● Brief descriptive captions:
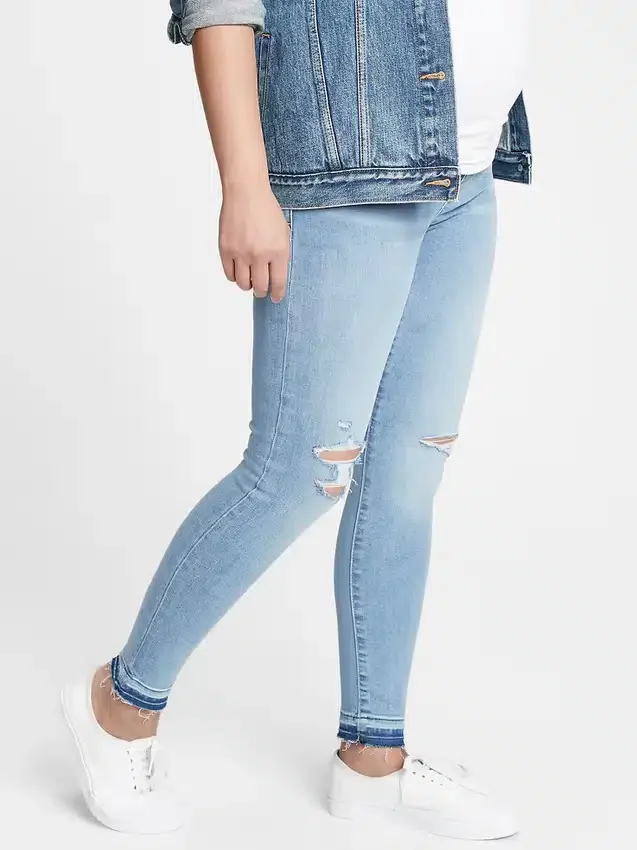 Hamile Giyim Tam Panel Yıpranmış Legging Jean'ler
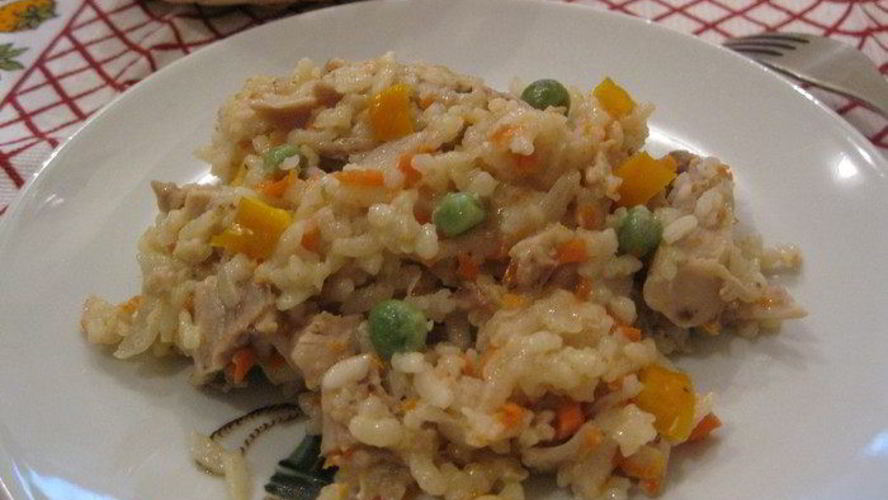 Рецепт ризотто с курицей и овощами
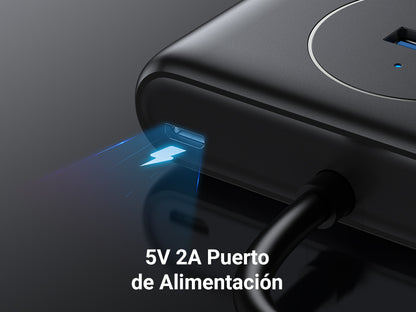 HUB USB-A 3.0 4 en 1 | 4 Puertos USB-A 3.0 (5Gbps) | Entrada USB-C (PD 5V2A) | Cable de 1 Metro | Indicador Led | Ideal para Transferencia de Datos |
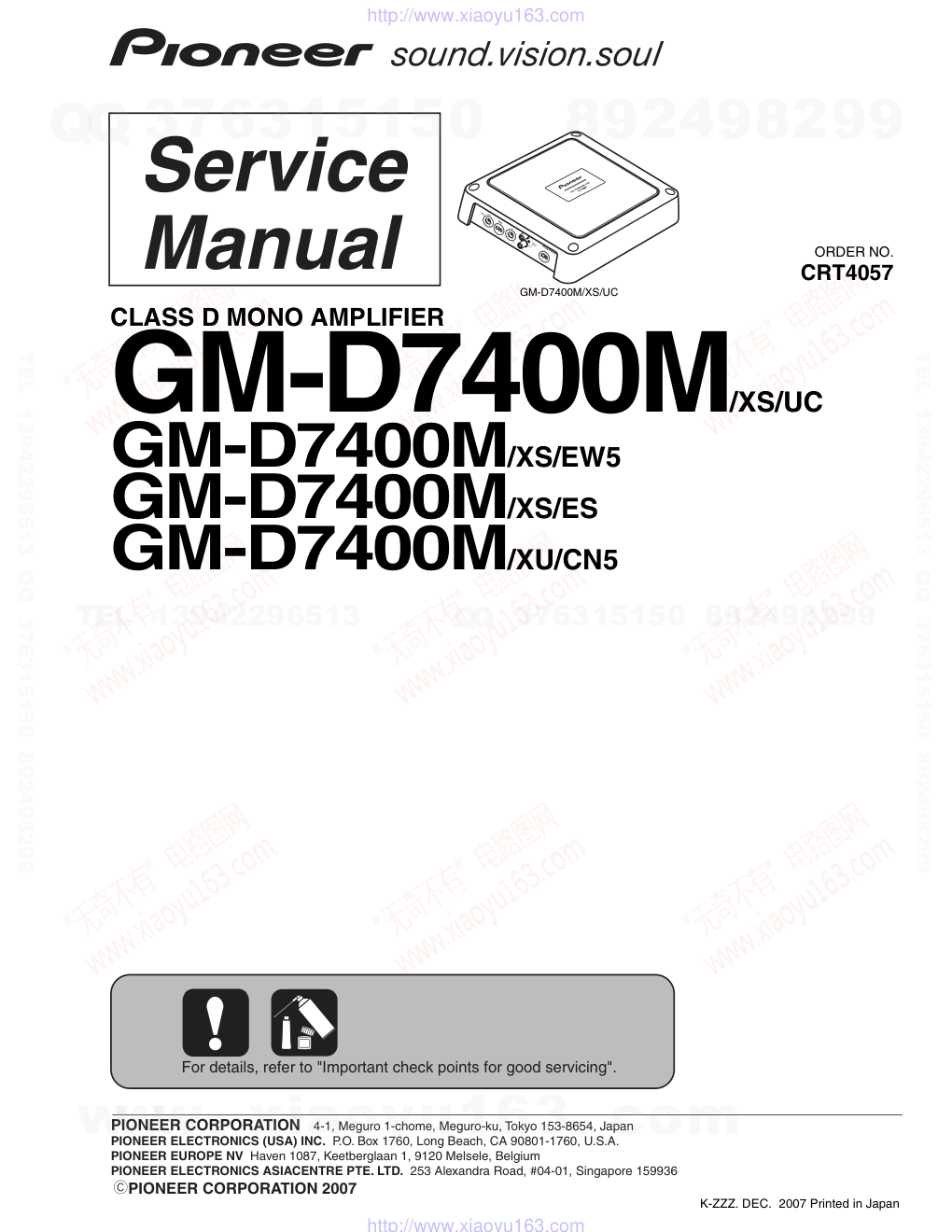 先锋PIONEER GM-D7400M音响电路图-0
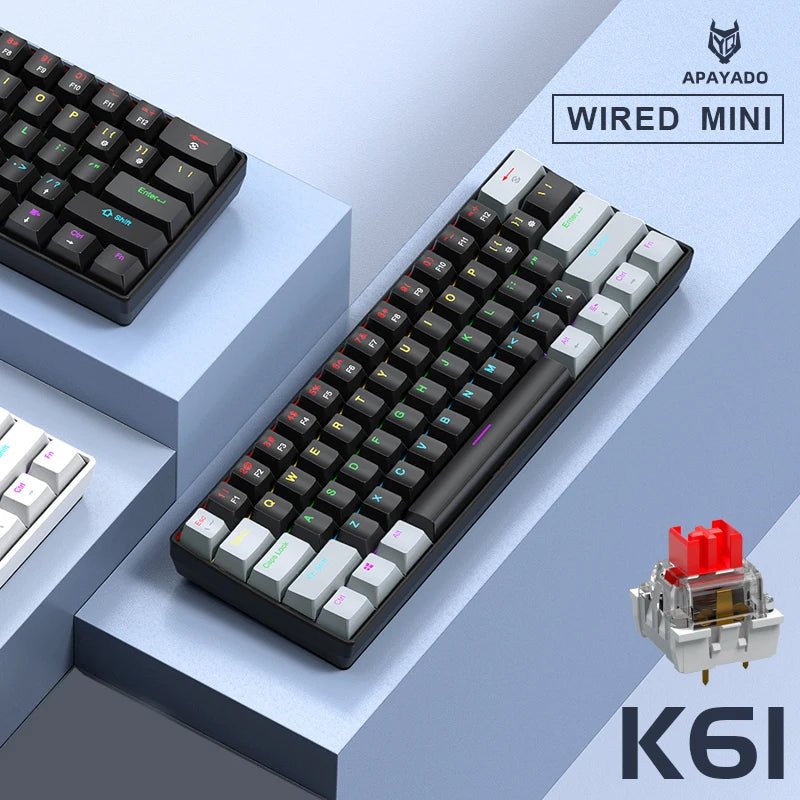 "APAYADO K61 60% Mini Mechanical Keyboard – Wired 61 - Key Phantom RGB, Black/White/Red, Red & Blue Switch Options" - RELUX.STORE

● What you are asked to do: Set down the records again verbatim, with no pictures.

● The completed task:
 Hamile Giyim Tam Panel Yıpranmış Legging Jean'ler
 Рецепт ризотто с курицей и овощами
 HUB USB-A 3.0 4 en 1 | 4 Puertos USB-A 3.0 (5Gbps) | Entrada USB-C (PD 5V2A) | Cable de 1 Metro | Indicador Led | Ideal para Transferencia de Datos |
 先锋PIONEER GM-D7400M音响电路图-0
 "APAYADO K61 60% Mini Mechanical Keyboard – Wired 61 - Key Phantom RGB, Black/White/Red, Red & Blue Switch Options" - RELUX.STORE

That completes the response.